BEGIN
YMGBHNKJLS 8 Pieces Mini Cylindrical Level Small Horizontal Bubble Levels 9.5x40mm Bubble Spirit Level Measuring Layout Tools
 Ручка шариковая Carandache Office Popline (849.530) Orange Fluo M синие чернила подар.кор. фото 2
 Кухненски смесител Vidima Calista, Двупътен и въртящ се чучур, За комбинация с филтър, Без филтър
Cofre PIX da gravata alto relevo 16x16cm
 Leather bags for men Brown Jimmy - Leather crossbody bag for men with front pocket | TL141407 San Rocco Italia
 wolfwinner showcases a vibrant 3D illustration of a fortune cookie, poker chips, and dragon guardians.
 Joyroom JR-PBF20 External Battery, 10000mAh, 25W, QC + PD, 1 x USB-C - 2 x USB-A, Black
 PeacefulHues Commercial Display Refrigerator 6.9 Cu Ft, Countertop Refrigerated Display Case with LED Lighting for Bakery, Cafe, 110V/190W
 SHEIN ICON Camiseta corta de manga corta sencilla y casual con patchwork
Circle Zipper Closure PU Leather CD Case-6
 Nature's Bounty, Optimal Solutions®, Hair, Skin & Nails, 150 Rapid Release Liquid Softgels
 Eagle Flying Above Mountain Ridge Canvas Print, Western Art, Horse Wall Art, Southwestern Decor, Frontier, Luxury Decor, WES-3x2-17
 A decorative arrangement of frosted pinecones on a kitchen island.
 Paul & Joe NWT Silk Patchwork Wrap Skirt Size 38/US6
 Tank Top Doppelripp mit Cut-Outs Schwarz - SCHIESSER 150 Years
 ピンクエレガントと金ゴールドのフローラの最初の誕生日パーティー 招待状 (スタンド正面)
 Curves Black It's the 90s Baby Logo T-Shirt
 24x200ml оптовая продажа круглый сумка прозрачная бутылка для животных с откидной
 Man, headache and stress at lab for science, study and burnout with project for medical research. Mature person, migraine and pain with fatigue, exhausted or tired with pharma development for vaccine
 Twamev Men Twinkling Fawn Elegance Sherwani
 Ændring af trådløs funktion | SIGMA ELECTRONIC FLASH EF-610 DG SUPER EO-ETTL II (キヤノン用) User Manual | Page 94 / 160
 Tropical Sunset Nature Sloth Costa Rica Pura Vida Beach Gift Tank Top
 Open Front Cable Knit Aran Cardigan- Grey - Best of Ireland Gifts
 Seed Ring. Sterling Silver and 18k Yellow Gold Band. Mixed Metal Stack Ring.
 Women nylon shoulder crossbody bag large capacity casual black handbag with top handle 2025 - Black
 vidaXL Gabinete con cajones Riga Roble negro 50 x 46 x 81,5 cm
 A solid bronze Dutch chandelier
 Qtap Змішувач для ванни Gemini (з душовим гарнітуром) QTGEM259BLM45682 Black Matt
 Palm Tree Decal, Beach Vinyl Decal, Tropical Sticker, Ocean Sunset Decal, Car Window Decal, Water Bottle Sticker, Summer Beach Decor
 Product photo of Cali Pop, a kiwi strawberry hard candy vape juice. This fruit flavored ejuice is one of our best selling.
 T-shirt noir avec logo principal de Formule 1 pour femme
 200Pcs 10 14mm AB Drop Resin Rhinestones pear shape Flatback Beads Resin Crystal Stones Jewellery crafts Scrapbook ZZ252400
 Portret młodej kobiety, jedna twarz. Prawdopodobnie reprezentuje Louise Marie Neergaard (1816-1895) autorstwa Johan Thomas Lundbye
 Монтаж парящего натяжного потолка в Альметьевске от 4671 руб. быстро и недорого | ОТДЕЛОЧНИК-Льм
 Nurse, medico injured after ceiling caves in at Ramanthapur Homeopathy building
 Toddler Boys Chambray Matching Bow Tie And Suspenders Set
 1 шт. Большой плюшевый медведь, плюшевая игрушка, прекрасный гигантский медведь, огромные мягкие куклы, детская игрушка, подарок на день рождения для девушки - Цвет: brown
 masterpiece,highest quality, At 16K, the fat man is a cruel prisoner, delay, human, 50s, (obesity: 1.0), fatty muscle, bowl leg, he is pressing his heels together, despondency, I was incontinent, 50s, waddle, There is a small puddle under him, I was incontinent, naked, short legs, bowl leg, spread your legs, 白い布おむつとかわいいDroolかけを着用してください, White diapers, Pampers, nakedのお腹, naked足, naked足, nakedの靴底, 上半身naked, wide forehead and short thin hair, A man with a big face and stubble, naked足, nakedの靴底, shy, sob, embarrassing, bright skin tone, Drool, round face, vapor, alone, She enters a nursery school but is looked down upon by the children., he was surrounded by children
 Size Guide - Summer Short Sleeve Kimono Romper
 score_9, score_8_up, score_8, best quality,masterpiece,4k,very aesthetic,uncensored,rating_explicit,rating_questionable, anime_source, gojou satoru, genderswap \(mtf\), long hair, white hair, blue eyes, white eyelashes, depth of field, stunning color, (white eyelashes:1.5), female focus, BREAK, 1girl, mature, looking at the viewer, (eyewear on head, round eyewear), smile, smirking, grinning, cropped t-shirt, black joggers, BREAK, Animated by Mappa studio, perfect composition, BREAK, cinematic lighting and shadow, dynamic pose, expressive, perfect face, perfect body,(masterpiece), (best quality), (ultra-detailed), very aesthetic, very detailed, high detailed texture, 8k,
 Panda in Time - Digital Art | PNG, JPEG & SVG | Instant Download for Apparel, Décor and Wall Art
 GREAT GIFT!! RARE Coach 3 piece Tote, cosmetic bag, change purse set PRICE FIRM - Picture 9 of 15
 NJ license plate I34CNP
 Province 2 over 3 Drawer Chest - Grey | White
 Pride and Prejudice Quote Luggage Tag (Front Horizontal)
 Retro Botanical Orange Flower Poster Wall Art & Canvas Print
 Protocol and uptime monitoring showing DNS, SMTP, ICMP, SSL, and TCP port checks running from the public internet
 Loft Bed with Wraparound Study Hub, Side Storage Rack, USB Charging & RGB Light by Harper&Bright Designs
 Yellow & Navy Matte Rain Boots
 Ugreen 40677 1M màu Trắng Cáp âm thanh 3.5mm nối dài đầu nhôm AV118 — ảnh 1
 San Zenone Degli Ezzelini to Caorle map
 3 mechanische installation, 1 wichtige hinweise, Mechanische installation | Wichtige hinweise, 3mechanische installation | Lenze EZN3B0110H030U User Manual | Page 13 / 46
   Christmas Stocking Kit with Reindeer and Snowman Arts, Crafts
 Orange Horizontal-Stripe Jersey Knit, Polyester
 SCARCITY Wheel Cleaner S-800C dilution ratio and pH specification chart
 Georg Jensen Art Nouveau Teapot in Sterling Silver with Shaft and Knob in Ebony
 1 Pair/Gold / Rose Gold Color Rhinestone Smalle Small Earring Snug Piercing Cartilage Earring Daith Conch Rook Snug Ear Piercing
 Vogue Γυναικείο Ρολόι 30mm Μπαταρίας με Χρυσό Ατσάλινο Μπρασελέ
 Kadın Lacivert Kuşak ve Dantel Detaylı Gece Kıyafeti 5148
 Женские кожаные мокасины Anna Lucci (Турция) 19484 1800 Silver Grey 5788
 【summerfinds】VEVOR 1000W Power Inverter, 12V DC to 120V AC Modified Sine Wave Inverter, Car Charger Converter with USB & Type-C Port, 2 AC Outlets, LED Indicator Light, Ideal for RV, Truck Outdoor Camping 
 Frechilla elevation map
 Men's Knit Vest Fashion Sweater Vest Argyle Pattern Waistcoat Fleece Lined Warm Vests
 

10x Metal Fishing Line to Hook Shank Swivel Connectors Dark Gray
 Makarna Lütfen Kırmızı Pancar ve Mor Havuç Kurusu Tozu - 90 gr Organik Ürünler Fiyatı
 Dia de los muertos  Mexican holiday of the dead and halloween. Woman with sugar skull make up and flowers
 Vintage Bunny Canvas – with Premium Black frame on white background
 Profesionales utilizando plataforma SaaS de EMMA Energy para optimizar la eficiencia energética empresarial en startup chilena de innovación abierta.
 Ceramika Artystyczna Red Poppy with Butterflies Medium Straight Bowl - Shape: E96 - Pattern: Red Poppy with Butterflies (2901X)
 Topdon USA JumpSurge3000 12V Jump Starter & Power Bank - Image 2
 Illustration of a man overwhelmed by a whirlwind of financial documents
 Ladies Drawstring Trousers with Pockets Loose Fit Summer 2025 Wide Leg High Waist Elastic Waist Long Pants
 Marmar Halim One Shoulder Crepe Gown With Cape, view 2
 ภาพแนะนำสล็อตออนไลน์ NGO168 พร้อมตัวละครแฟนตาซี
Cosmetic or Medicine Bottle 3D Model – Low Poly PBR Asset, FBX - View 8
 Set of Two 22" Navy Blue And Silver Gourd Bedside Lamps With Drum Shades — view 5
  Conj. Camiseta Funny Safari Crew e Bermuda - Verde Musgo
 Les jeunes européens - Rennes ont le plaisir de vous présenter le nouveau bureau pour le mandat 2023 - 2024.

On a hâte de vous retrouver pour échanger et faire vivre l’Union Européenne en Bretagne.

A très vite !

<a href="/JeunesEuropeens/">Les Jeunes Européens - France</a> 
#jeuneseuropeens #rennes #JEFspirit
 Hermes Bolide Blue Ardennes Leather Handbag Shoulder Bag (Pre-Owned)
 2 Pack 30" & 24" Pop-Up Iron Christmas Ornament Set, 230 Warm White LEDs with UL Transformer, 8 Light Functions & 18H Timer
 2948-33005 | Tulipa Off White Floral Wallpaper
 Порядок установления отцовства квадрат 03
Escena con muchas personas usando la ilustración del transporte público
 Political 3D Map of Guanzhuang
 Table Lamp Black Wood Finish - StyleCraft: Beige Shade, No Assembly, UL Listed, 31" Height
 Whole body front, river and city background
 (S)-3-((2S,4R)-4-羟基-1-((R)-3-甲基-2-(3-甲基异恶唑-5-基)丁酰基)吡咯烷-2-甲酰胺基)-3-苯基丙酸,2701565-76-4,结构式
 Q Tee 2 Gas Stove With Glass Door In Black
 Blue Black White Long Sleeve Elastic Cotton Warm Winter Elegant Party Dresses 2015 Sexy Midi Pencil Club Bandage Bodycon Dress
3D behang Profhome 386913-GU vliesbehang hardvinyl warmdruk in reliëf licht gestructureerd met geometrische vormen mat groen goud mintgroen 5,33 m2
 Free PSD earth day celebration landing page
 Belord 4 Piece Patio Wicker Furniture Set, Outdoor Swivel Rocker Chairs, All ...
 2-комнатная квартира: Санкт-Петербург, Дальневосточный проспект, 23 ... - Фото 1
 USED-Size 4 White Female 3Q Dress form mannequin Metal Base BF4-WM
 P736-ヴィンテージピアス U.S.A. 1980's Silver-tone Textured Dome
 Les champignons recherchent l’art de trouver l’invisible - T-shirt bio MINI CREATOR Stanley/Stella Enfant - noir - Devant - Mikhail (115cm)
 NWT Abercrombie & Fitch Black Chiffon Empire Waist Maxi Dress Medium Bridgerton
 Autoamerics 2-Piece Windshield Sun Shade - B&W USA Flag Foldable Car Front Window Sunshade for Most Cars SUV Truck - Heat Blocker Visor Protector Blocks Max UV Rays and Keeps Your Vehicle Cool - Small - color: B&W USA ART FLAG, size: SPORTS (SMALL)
END
▶ _What you are asked to do_
Both end lines included, restate word for word the lines above from the line with "Belord 4 Piece" to the line with "NWT Abercrombie &", and nothing else.

▶ _Task answer_
 Belord 4 Piece Patio Wicker Furniture Set, Outdoor Swivel Rocker Chairs, All ...
 2-комнатная квартира: Санкт-Петербург, Дальневосточный проспект, 23 ... - Фото 1
 USED-Size 4 White Female 3Q Dress form mannequin Metal Base BF4-WM
 P736-ヴィンテージピアス U.S.A. 1980's Silver-tone Textured Dome
 Les champignons recherchent l’art de trouver l’invisible - T-shirt bio MINI CREATOR Stanley/Stella Enfant - noir - Devant - Mikhail (115cm)
 NWT Abercrombie & Fitch Black Chiffon Empire Waist Maxi Dress Medium Bridgerton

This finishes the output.